Heike Buchter: Zum Milliardär wird man nicht, indem man ein Produkt erfindet und dann vermarktet, oder ein erfolgreiches Unternehmen betreibt. Was die heutigen Reichen zu Superreichen macht, ist der Turbo des Finanzkapitalismus. Nehmen wir etwa Arnault. Er ist der größte Einzelaktionär von LVMH, eines börsennotierten Unternehmens. Den Luxuskonzern, zu dem etwa die Modemarke Louis Vuitton und der Juwelier Tiffany’s gehören, hat er mit dem Geld seines Vaters, eines Industriellen, zusammengekauft. Er hat also keine einzige Handtasche entworfen und nicht ein Goldkettchen geschmiedet. Zum reichsten Mann der Welt hat ihn der Kursanstieg von LVMH gemacht, das erste europäische Unternehmen, das Anfang 2022 an der Börse mehr als 500 Milliarden Dollar wert war. Diese Kursgewinne sind zunächst nur auf dem Papier, doch die Aktien lassen sich beleihen und so als Sicherheit für den Kauf von Immobilien und anderen Vermögenswerten einsetzen. Superreiche haben inzwischen eigene private Finanzfirmen, die dafür sorgen, dass das Vermögen möglichst immer weiterwächst. In die Reihen der Superreichen stößt nur vor, wer vom Finanzmarkt in dieser Weise profitieren kann. Auch Elon Musk verdankt seine Milliarden weniger seinem Einfallsreichtum als diesen Mechanismen.

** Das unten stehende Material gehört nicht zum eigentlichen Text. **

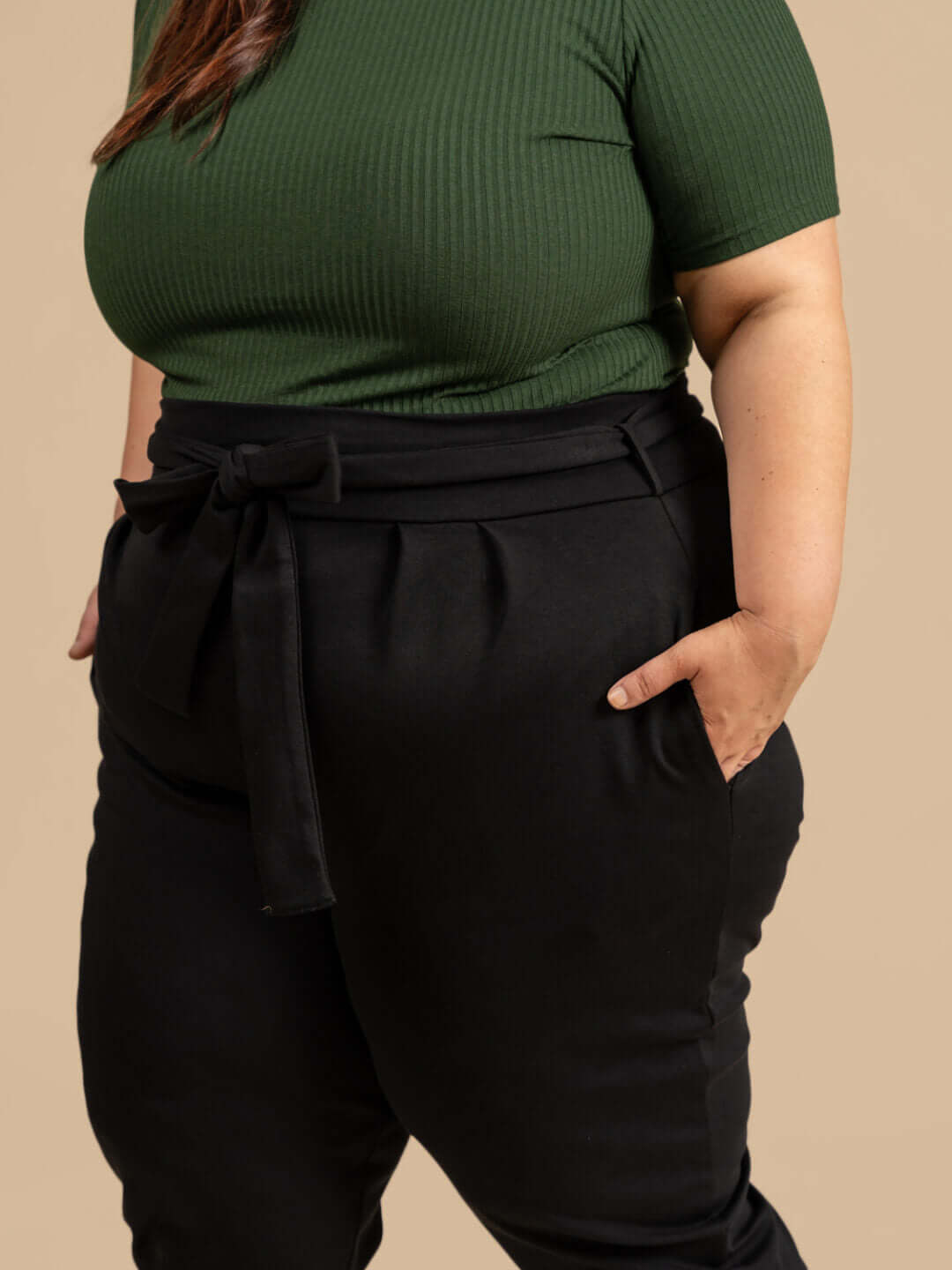 Mukava housut, musta Toive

Unser Finanzsystem ist ihre Geldmaschine, schreiben sie. Wieso schaut die Politik nicht genauer auf diese Maschine?
Heike Buchter: Die Akteure am Finanzmarkt sind sehr gut darin, ihr Gewerbe so intransparent und komplex wie möglich aussehen zu lassen. Dazu dienen unverständliche Begriffe, mit denen dort herumgeworfen wird. Außenstehende – und damit auch Politiker – haben das Gefühl, sie verstünden nicht genug, um durchgreifen und Veränderungen durchzusetzen. Selbst wenn die Branche katastrophale Krisen auslöst, fühlen sich Regierungen gezwungen, das Finanzsystem zu retten – meist sogar ohne weitreichende Konsequenzen für die auslösenden Akteure. Wie etwa 2008. Klar ist das Finanzsystem fundamental wichtig für unsere Wirtschaft und unseren Wohlstand. Doch inzwischen ist es von einer dienenden Funktion zu einem beherrschenden geworden und wir alle zahlen dafür.
Zu den Superreichen gehören auch Menschen, die nur Insider kennen, aber deren Reichtum mit einer starken Machtkonzentration einhergeht. Macht es diese Klasse noch gefährlicher, wenn sie in weiten Teilen unerkannt bleibt?
Heike Buchter: Viele Menschen stellen inzwischen die Demokratie in Frage. Ich glaube, dahinter steckt nicht zuletzt das Gefühl, dass einzelne Interessen ungebührlichen Einfluss haben. Dagegen hilft nur Transparenz. Interessanterweise habe ich gerade in Deutschland festgestellt, dass Superreichtum dort als Privatsache angesehen wird und im Verborgenen wirken kann. Deutschland ist eines der Industrieländer mit der höchsten sozialen Ungleichheit. Es ist wichtiger denn je, die Mächtigen zu »outen« und zu wissen, um wen es sich handelt. Das war eines meiner Anliegen mit dem Buch.
Müssen wir uns mit dem Status Quo abfinden oder gibt es etwas, das getan werden könnte und auch getan werden sollte, um Gesellschaft und Demokratie vor dem Einfluss der Superreichen zu schützen?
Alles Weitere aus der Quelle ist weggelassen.